Di sisi lain, cakupan imunisasi dasar lengkap pun tidak merata. Hingga awal Desember 2021, baru ada 10 provinsi yang cakupan imunisasi dasar lengkapnya di atas 60 persen. Provinsi itu ialah Banten, Bali, Bengkulu, Bangka Belitung, Gorontalo, Jambi, Jawa Timur, Lampung, Sumatera Selatan, dan Sulawesi Selatan.
Cakupan imunisasi dasar lengkap yang rendah dan tidak merata itu memicu kejadian luar biasa (KLB) penyakit, seperti campak, difteri, dan rubela. Pelaksana Tugas Direktur Jenderal Pencegahan dan Pengendalian Penyakit Kemenkes Maxi Rein Rondonuwu, sebelumnya, mengatakan, difteri paling banyak terjadi di Kalimantan Barat dan Sulawesi Tenggara. Sementara itu, campak dan rubela paling banyak terjadi di Kalimantan Timur, Sulawesi Tengah, Sulawesi Selatan, Sulawesi Barat, Maluku Utara, serta Papua (Kompas.id, 1/12/2021).
Menurut Kartini, banyak anak yang belum selesai mendapat imunisasi dasar lengkap, salah satunya imunisasi campak. Imunisasi dasar lengkap meliputi imunisasi hepatitis B, BCG, DPT-HB-Hib, polio tetes, polio suntik, dan campak rubella. Imunisasi dasar lengkap diberikan kepada anak berumur 0-11 bulan.

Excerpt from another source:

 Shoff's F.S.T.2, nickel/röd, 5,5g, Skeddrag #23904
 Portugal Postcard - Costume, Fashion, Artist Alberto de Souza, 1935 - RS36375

Anak berumur 18-24 bulan mesti diberi imunisasi lanjutan, yaitu DPT-HB-Hib dan campak rubella. Imunisasi lanjutan campak rubella dan DT diberikan lagi kepada anak saat kelas I SD, serta imunisasi Td saat anak kelas II dan V SD.
Mulai diatasi
Di sisi lain, sejumlah daerah mulai mengatasi ketertinggalan imunisasi. Kepala Dinas Kesehatan Jawa Tengah Yulianto Prabowo mengatakan, stok vaksin BCG sempat kosong selama hampir setengah tahun. Stok ada kembali pada Juli 2021.

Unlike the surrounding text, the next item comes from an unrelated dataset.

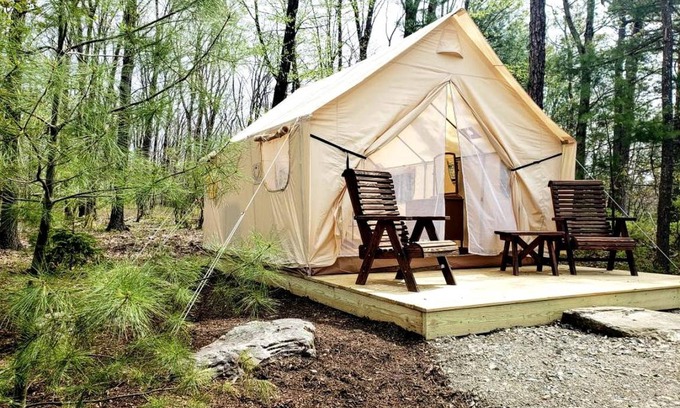 Mount Pocono Other | Camping ∙ 1 bedroom ∙ 4 guests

Imunisasi menjadi salah satu jalan mencegah anak terjangkit penyakit sehingga menjamin kualitas hidupnya. Imunisasi juga mencegah kematian akibat sejumlah penyakit pada anak. Dengan demikian, target pemerintah mencetak generasi emas atau sumber daya manusia berkualitas pada tahun 2045 dapat dicapai.
”Untuk menyiapkan generasi emas, angka kematian ibu yang tinggi harus diturunkan sehingga maksimal 70 (kematian) per 100.000 kelahiran hidup. Angka kematian bayi juga perlu diturunkan,” ucap Yulianto.
Sementara itu, Kepala Dinas Kesehatan Kabupaten Boyolali Puji Astuti mengatakan, upaya imunisasi di daerahnya dilakukan dengan berbagai cara. Warga dapat menelepon atau mengirim pesan singkat ke fasilitas kesehatan agar anaknya mendapat imunisasi. Setelahnya, tenaga kesehatan akan mendatangi rumah warga untuk memberi layanan imunisasi.